* **TASK**: From the line containing "#Fidel es victoria" to the last line of the records below, repeat every line exactly and add nothing else.

------ AVAILABLE DATA ------

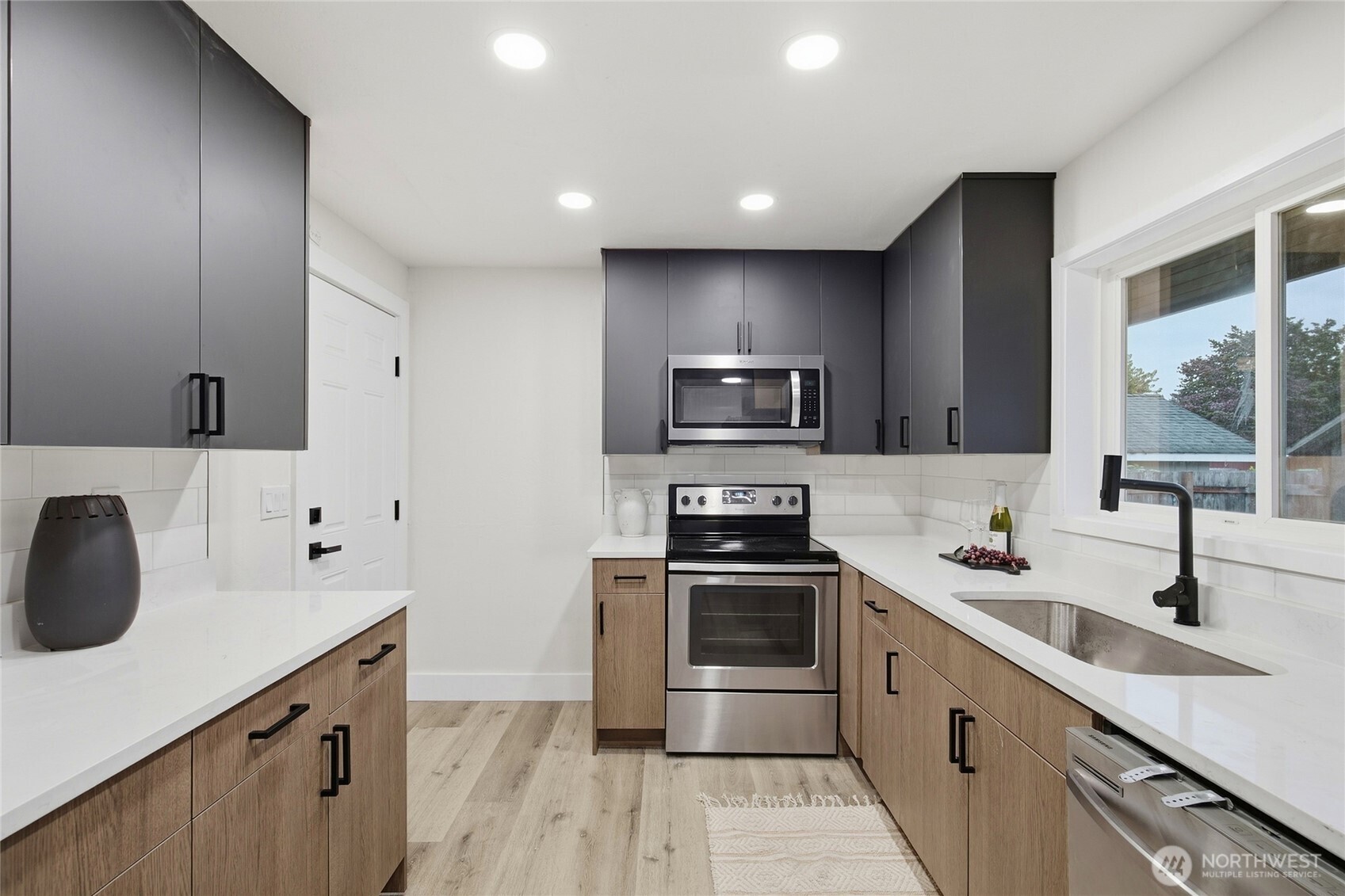 1202 22nd Street Property Photo 9
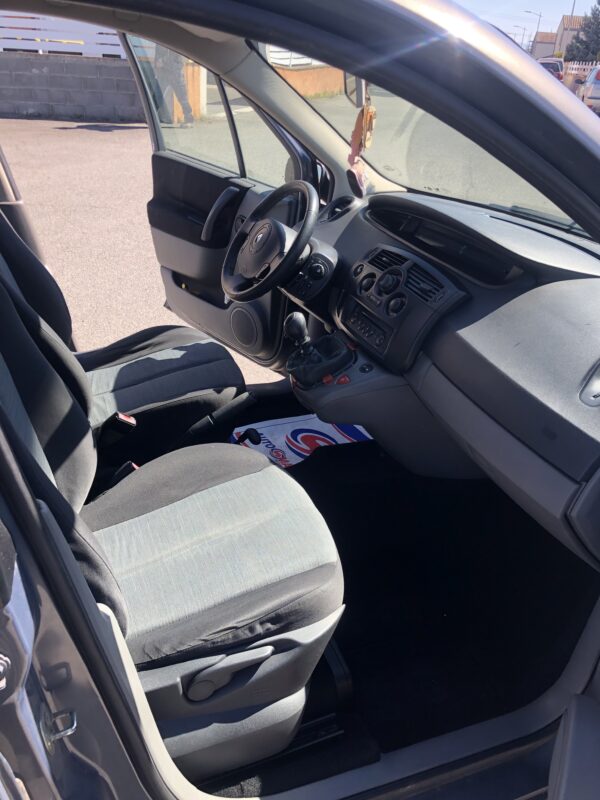 Renault Scenic 1.9 Dci 125cv – Image 15
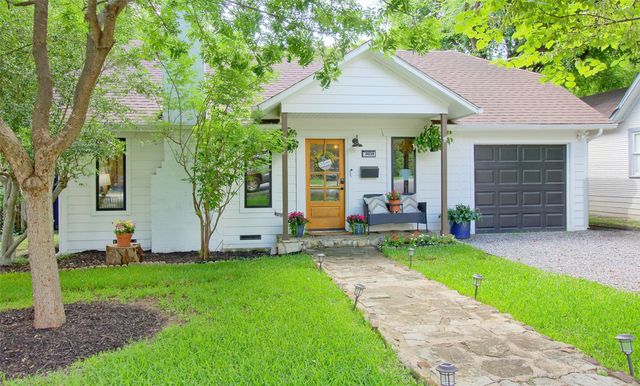 9030 San Benito Way, Dallas, TX 75218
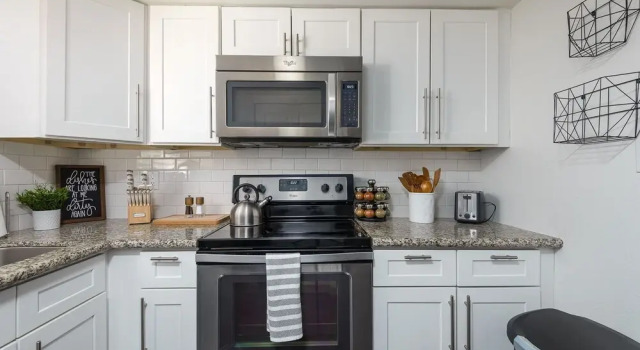 Villa Sunshine 2 Bedroom Condo by RedAwning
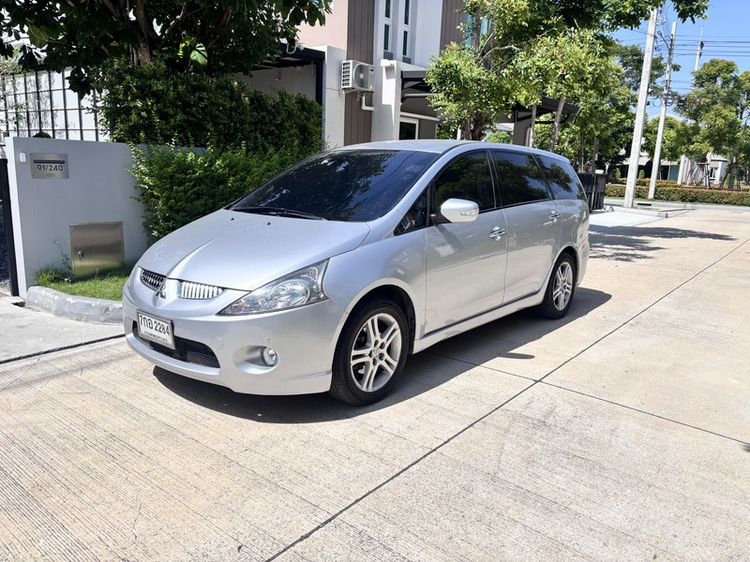 Mitsubishi Space Wagon 2010 2.4 GLS Limited เบนซิน LPG เกียร์อัตโนมัติ บรอนซ์เงิน รูปที่ 2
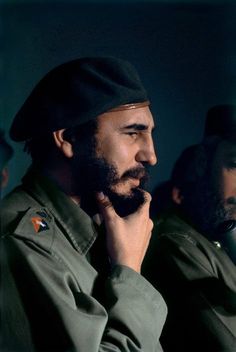 <a href="/DeZurdaTeam/">DeZurdaTeam</a> #Fidel es ➕ que 1 palabra
#Fidel es victoria
#Fidel es guerrilla 
#Fidel es #Cuba
#FelicidadesFidel
#FidelPorSiempre #DeZurdaTeam #FidelEn1Palabra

------

* **WRITTEN SOLUTION**:
#Fidel es victoria
#Fidel es guerrilla 
#Fidel es #Cuba
#FelicidadesFidel
#FidelPorSiempre #DeZurdaTeam #FidelEn1Palabra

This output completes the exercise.